New and noteworthy, local and langurous
Earthworms Are Easy
I'm not normally a squeamish person, but the idea of reading Amy Stewart's The Earth Moved: On the Remarkable Achievements of Earthworms (Alonquin Books; $23.95) gave me the squirms. Her subject is, after all, earthworms, billions upon billions of them, boring and churning through the earth, through root systems, through caskets, through, someday, our own bodies. But from the opening pages, when this North Coast Journal garden columnist inverts a diagram of an apple tree so that the roots are on the top, The Earth Moved wormed into me, trans-forming revulsion into curiosity as Stewart explores the natural history of the worm. Her tale, a series of connected essays, begins with Darwin, whose final book was a study of the earthworm. An avid gardener but not a trained scientist, Stewart gets up close and personal with the 10,000 worms in the black plastic compost bin on her porch, goes on an Ahab-like search for a three-foot-long giant worm in Oregon, and presents an impressive array of worm lore and knowledge, throwing in a Nietzsche epigram here, an e.e. cummings poem there. It's a literate, engaging read that left me with a newfound respect for this deaf, dumb and blind creature. Amy Stewart has shown me my inner worm.
--R. V. Scheide
Amy Stewart reads from 'The Earth Moved' twice in the North Bay. Wednesday, April 14, at Copperfield's Books, 2316 Montgomery Village Drive, Santa Rosa. 7pm. Free. 707.578.8938. Tuesday, April 20, at Book Passage, 51 Tamal Vista Blvd., Corte Madera. 1pm. Free. 415.927.0960.

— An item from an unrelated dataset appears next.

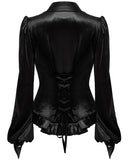 Punk Rave Daily Life Gothic Gradient Velvet Bat Collar Blouse Top - Black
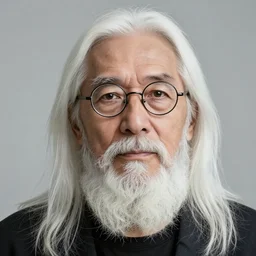 man in his 5 0 s with long white hair, a white chin beard without mustache and small thin - frame round glasses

In the summer of 1971, Art Kopecky and a group of friends piled into a converted bread truck dubbed the Mind Machine and wandered gypsylike across the American West. They leapfrogged between hippie enclaves and eventually landed at the New Buffalo commune where he would settle down and live for the next 12-plus years, chronicling the entire experience in a series of journals. Recently Kopecky, now a fine woodworker residing in Sebastopol, decided to unearth these journals and publish excerpts from them in a nearly untouched form, realizing that he had unwittingly produced a record of this historical time and place. The resulting book is New Buffalo: Journals from a Taos Commune (University of New Mexico Press; $24.95).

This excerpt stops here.